Coldloudbright heavytightslow moving, moving, loud—voice. Pulling and pushing and hard (edge?) and coarse (wood!) and sobright and socold and tight (skin...), moving, muscle and blood pull and push and weight. Weight and dimension, air and blood, coarse and cold and sudden soft-green-dust—carpet. Too bright. Too loud. Too cold. A shrill voice, a creak, pressure toohard toowarm toosoft—moving, muscle and bone. Something hard. Foot. Moving (kicking). A shin.
Footsteps and slamming and the ground shakes, the floor shakes, the wood unbearably coarse and the carpet unbearably soft. Flesh and bone, moving, though the too-bright and the too-loud (rush, rush, what's that unending noise?) and so very cold, and the colors. Brown and green and pink and gray and black. (Black...) and textures, smooth-soft-cool and rough-warm-dry and, and. Reaching. This is a chair. This is a desk. This is a hand. This is a him.
He is a him.
It's a start.
Hands and legs and skin and lungs that draw breath, blood that rushes through vessels with exquisite speed. A wonder he doesn't burn himself up from the friction. His flesh (his!) is hot, hot, hot, but the room is cold, cold like he's never felt before. Felt. Before.
There was a before.
Nothing was before.
No—not nothing. Something. But it wasn't like this, so cold and loud with coarse wood and skin that stretches and scrapes, with near-blinding lights (candles?), with deafening noise, with the stink of smoke and chalk and breath and life—
Deep breaths. Air rushes in shocking-cold through lips and teeth and throat, air rushes out blister-hot from the nose. Breathing. There was no breathing Before, there was no aching skin or burning eyes. Before is black hair and green eyes and a warm embrace, only—no. Not like this. Before was joy and peace and warmth that didn't come from the friction in his veins (he didn't have any).
He squints, looks around. Fat oozy candles fill the room with light and a waxy subsmell that tickles and itches his nose. A brilliant white ring is chalked on the floorboards, except where he's smudged it crawling through—he wipes the chalk from his knees, dry but grease-slick under his fingers. Loose dirt in the circle, and a brazier—that's the main stench, incense, still leaking from the flaring coals. The itch on his skin is dirt and cold and powerful magic. He's not sure which one is the most oppressive.

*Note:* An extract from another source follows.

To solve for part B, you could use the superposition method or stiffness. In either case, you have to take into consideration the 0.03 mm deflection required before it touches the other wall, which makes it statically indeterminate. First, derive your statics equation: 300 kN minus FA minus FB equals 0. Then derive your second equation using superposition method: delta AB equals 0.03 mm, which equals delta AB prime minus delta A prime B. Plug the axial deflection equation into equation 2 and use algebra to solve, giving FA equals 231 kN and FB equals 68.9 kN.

He recognizes walls, furniture, touching everything he sees and watching everywhere he touches, like a blind man granted sight. A dresser, now. He squints at the sparks reflected by the smooth brass handles and braves their cold to pull himself up, onto his knees. Small objects on top, strange textures, the smell of dust and alcohol and faint flowers—he feels over bottles and brushes he cannot identify, a handkerchief edged in a confusion of lace, peering into shadows—
(A gaunt horror, pale and haggard and staring—)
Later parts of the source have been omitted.